(Short web captions)
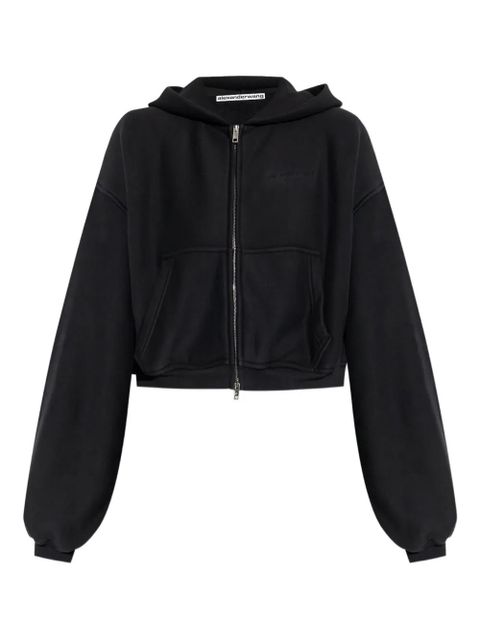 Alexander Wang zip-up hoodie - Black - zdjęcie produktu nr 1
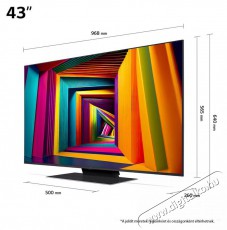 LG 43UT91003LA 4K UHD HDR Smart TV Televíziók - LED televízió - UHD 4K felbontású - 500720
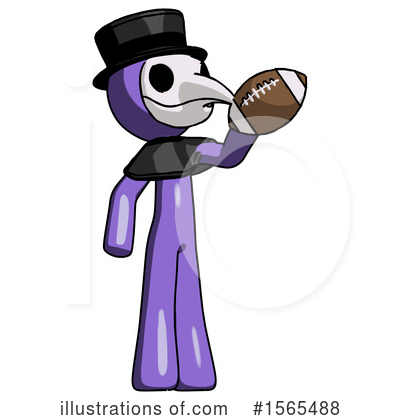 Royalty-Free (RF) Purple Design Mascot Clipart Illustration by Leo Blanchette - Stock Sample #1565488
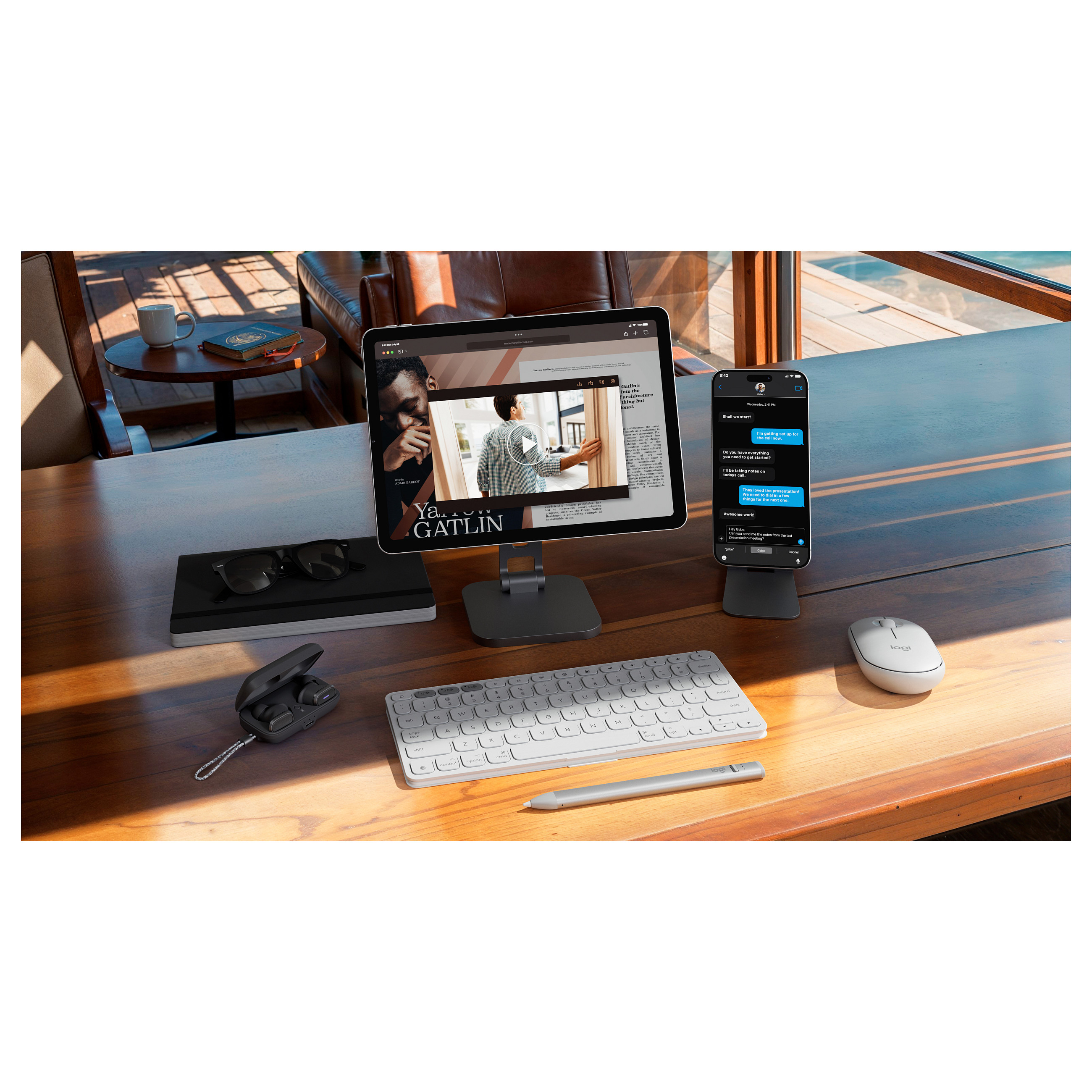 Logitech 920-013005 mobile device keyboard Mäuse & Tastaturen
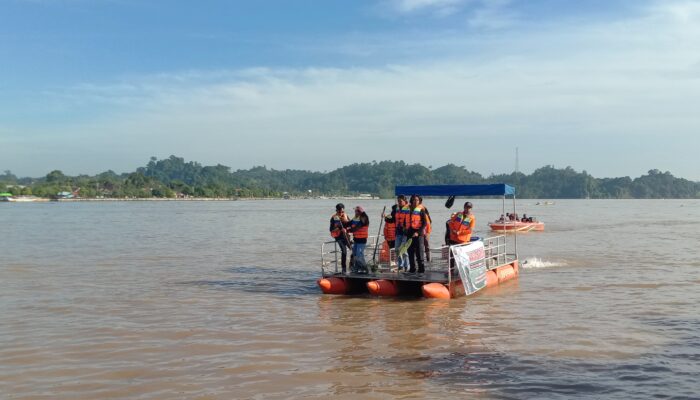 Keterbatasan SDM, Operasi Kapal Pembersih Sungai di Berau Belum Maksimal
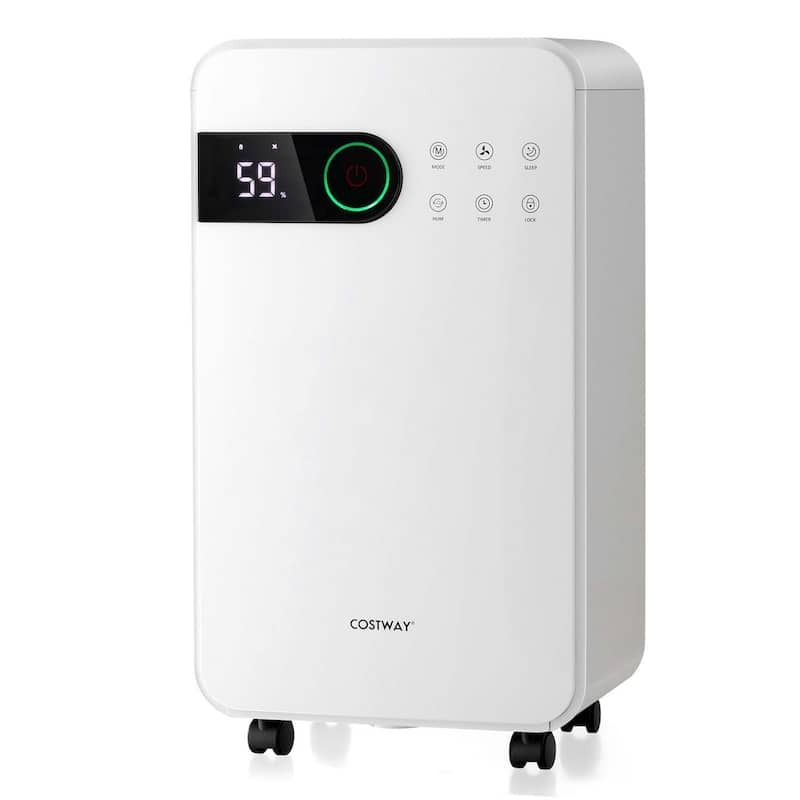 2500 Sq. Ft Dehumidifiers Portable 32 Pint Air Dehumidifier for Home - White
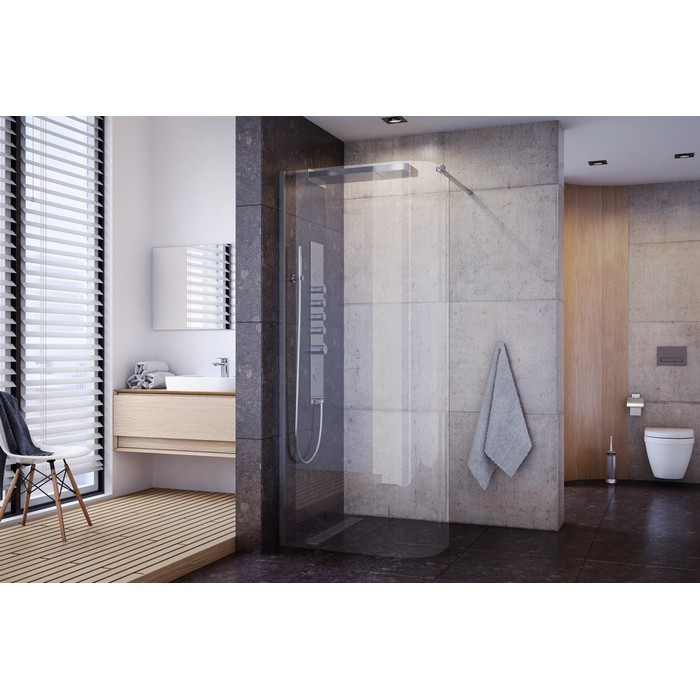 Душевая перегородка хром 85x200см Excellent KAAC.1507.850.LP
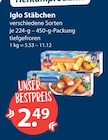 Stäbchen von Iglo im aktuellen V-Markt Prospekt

Instructions for the task =>
Each entry above should be given again exactly, with its pictures omitted.

Solution to the problem =>
 Alexander Wang zip-up hoodie - Black - zdjęcie produktu nr 1
 LG 43UT91003LA 4K UHD HDR Smart TV Televíziók - LED televízió - UHD 4K felbontású - 500720
 Royalty-Free (RF) Purple Design Mascot Clipart Illustration by Leo Blanchette - Stock Sample #1565488
 Logitech 920-013005 mobile device keyboard Mäuse & Tastaturen
 Keterbatasan SDM, Operasi Kapal Pembersih Sungai di Berau Belum Maksimal
 2500 Sq. Ft Dehumidifiers Portable 32 Pint Air Dehumidifier for Home - White
 Душевая перегородка хром 85x200см Excellent KAAC.1507.850.LP
 Stäbchen von Iglo im aktuellen V-Markt Prospekt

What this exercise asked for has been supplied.